Walliams, who has previously swum the English Channel for Sports Relief, said after the third and final night of riding: “This was my last night ride and as much as I've grown to enjoy being woken up at 2am to go out and cycle up an enormous hill, I shan't miss it. This has been really difficult.”

The riders have been followed by a film crew during their training and the four-day bike ride itself, for a documentary to be screened on BBC One at 9pm on Thursday 18th March.

You can still make donations to help the team build on the £1 million so far raised on the dedicated page on the Sport Relief website, which also includes video diaries and full details of the team's endeavours.

Born in Scotland, Simon moved to London aged seven and now lives in the Oxfordshire Cotswolds with his miniature schnauzer, Elodie. He fell in love with cycling one Saturday morning in 1994 while living in Italy when Milan-San Remo went past his front door. A daily cycle commuter in London back before riding to work started to boom, he's been news editor at road.cc since 2009. Handily for work, he speaks French and Italian.
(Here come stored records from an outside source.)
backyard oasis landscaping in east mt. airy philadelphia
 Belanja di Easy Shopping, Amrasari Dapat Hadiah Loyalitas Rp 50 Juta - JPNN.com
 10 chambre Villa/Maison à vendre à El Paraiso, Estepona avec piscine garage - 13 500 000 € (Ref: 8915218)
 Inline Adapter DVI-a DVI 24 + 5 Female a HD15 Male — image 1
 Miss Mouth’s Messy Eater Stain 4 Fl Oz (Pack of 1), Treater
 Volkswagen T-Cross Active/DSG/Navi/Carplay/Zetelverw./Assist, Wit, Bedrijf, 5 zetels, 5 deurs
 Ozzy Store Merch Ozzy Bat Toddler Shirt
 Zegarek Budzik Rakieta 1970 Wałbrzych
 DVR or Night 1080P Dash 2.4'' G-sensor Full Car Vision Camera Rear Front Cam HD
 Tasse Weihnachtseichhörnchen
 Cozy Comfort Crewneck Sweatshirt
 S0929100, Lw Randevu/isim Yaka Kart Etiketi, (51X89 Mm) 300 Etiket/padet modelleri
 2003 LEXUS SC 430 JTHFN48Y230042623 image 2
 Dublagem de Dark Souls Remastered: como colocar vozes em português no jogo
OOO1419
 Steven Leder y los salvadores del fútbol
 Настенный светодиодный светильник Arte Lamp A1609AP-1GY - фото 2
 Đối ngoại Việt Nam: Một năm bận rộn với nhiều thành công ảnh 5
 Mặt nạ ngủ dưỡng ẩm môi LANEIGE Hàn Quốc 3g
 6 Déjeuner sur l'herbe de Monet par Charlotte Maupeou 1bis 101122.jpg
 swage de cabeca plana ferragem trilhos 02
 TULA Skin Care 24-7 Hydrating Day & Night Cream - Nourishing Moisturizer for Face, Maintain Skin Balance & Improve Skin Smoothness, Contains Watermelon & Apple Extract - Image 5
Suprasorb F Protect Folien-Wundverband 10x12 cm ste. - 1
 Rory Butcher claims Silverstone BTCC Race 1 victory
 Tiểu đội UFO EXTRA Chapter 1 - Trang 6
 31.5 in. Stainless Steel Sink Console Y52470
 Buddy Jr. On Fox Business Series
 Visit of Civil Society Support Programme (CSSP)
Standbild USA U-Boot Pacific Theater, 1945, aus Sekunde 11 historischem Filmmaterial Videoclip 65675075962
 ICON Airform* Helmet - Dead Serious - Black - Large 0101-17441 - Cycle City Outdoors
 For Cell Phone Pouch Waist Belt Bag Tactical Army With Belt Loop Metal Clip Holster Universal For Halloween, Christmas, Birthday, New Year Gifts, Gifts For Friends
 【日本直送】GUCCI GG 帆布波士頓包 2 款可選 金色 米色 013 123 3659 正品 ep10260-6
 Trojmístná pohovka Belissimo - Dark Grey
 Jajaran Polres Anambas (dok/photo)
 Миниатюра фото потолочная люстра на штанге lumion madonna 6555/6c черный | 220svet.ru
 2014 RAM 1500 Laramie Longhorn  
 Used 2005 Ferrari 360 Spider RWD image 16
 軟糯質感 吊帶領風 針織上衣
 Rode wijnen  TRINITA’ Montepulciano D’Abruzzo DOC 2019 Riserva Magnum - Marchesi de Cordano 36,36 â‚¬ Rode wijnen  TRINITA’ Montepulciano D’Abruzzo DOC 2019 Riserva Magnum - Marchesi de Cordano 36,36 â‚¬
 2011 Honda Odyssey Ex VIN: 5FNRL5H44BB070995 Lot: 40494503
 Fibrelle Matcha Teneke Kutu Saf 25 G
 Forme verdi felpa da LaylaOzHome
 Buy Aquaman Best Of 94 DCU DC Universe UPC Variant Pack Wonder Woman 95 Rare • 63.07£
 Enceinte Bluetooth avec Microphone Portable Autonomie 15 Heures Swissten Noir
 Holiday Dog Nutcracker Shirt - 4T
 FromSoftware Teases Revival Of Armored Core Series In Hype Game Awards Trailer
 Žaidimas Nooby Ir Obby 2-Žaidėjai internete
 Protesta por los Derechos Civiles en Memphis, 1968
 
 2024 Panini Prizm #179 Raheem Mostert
He doesn't get to ride his Colnago as often as he'd like, and freely admits he's much more adept at cooking than fettling with bikes.


pickles [29 posts] 5 years ago

But, in the event they didn't have to cycle against the prevailing winds because the prevailing winds didn't prevail.

It's been blowing NErlys across southern England for a couple of days now and has been high pressure and still elsewhere.

OK, so it was cold, but the cold is the consequence of there not being any SWrly winds!

Still, a great effort.

Simon_MacMichael [2426 posts] 5 years ago
pickles wrote:

But, in the event they didn't have to cycle against the prevailing winds because the prevailing winds didn't prevail.

That's a good point, Pickles.

I need to get out of the house more  3

grumpeur [8 posts] 5 years ago

Ok they got away with it, but does anybody know *why* they chose to do it way round? if the winds had been SW, as they often are, it would have been much harder.